Americas best band by a nose.
America's best band by a nose. Audrey Gatewood

Horse Lords, "Fanfare for Effective Freedom" (Northern Spy)

New music by Horse Lords is always cause for celebration. The Baltimore-based experimental rockers' forthcoming album, The Common Task (out March 13), continues their exploration of the perfect hypnotic riff and the most transcendent tones. Back in 2016, Horse Lords played tiny Hollow Earth Radio on a Monday night and blew the doors of perception clean off their hinges. They're still operating at that lofty level.

In a review of their performance on Slog, I described their sound as "Terry Riley's Poppy Nogood and the Phantom Band's All Night Flight getting hijacked by Glenn Branca in the Sahara Desert with Group Doueh. Their songs are utterly mantric without being monotonous—whirling-dervish jams that almost spiral out of control.

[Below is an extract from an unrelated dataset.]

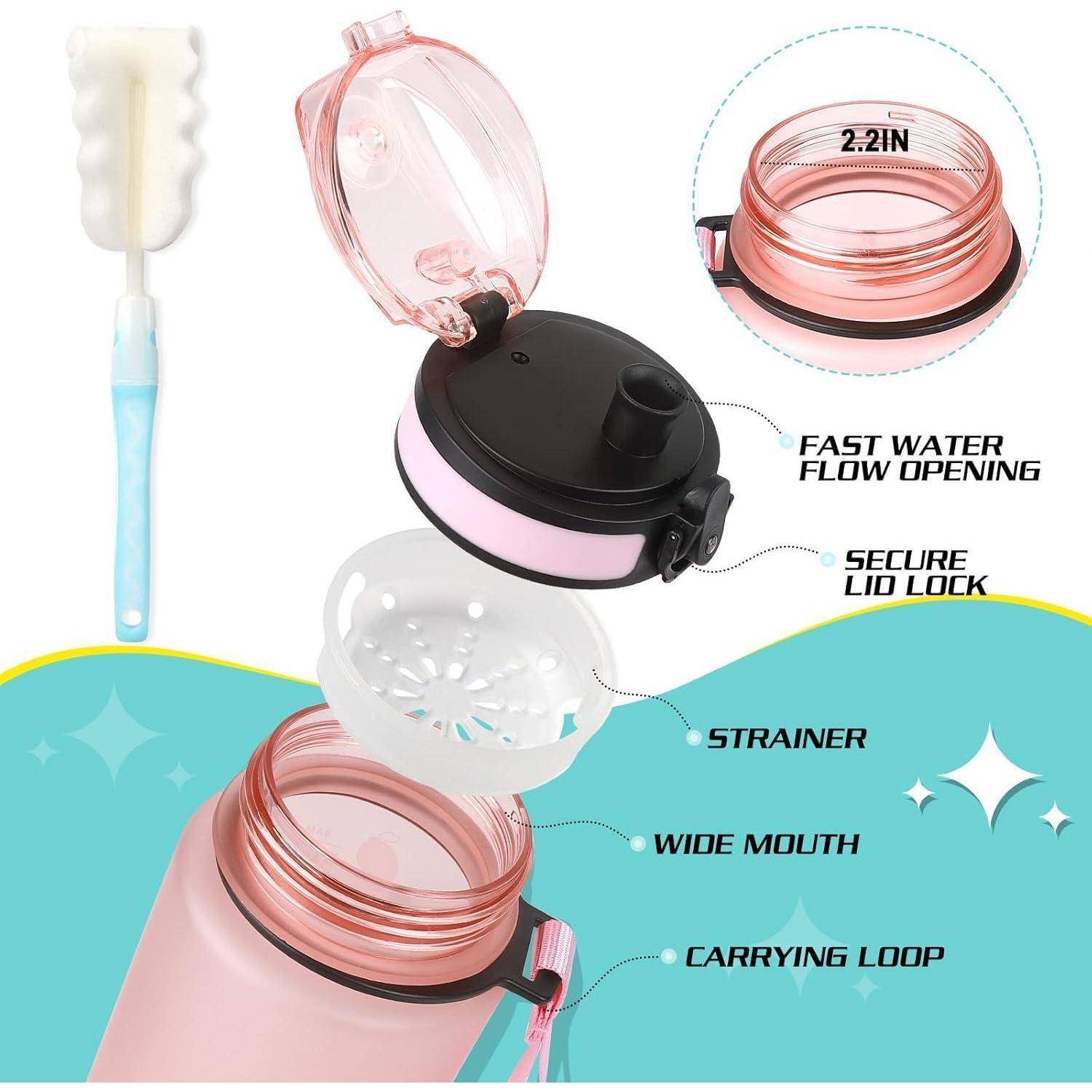 Eine rosa Flasche mit hervorgehobenen Merkmalen: '2,2 cm' weite Öffnung, schneller Wasserfluss, sichere Deckelverriegelung, Sieb und Trageschlaufe. Eine Reinigungsbürste ist abgebildet.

They sound free yet tightly wound." On The Common Task, Horse Lords find new wrinkles in this approach. One track is called "Against Gravity," and that could stand as the band's mission statement.

"Fanfare for Effective Freedom"'s title derives from a book by cybernetician Stafford Beer outlining his work on Chile's Cybersyn project. It begins like a cue for the end of the world before shifting into a radiant, staccato bolt of obsessive-compulsive rock in 5/8 time, stuttering like Captain Beefheart and the Magic Band circa Mirror Man and Lick My Decals Off, Baby. Later, the song lopsidedly gallops into some Saharan desert rock, featuring mad synth ostinatos that would singe the mustache off of Omar Souleyman. The intensity and tempo ratchet up to absurd levels in the final minute, leaving you spent, yet reaching to replay the track.

Based on this evidence, Horse Lords remain one of America's best bands.